At the start of a pipeline execution, all the tuples managed in the database are in the unprocessed state. An unprocessed tuple is turned active when fetched by a processing node. Upon a fetch request by a processing node, the storage node selects an unprocessed tuple and provides it to the requesting node in the on-demand manner.

An active tuple is turned committed when the storage node has received from every processing node a message called ACK associated with the tuple. Each processing node sends an ACK for a managed (active) tuple when it has finished its assigned part of the process to make the in-flight tuples generated from the managed tuple all fault-safe. As illustrated in Fig. 2, if the tail operator is stateless and result tuples are immediately materialized, each processing node sends an ACK for the tuple when all the corresponding result tuples generated in the node have been materialized. At the end of the pipeline execution, all the managed tuples have reached the committed state.

On a node failure, only the in-flight tuples corresponding to active tuples are lost and reprocessed after recovery. The recovery procedure is explained in Sect. 3.4.

Fig. 3.
figure 3

An example of tuple processing states management at the storage node.
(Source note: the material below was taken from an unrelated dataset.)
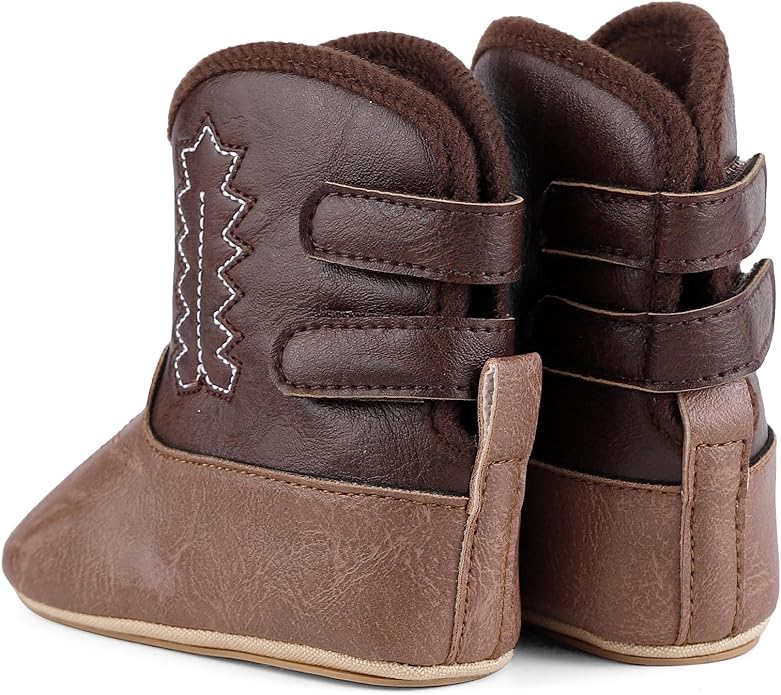 MK MATT KEELY Leather Western Boots Cowboy Bootie Soft Sole Non-Slip Crib Shoes for Baby Infant Toddler Girls Boys Newborn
This shows the tuple states changing over a pipeline execution where a 1000-tupled relation is scanned. [x, y] denotes a range of tuples whose ID is between x and y (containing both ends).

Package-Based State Management. A naive implementation of the checkpointing scheme would be to take checkpoints at the granularity of tuple. This is impractical, however, because it would incur significant memory footprint and considerable performance overhead. PhoeniQ instead takes a range-based approach to reduce the managed information and the processing overhead. This is achieved with the following three techniques.

  • The processing nodes fetch multiple tuples from the storage node in one fetch request, instead of one tuple in one request.

  • The storage node manages ranges of tuples for each state in a bulky manner, instead of managing a state of each tuple.

  • The storage node explicitly manages information of unprocessed or active tuples only and omits that of committed ones. Tuples not present in the unprocessed nor active range list are regarded as committed.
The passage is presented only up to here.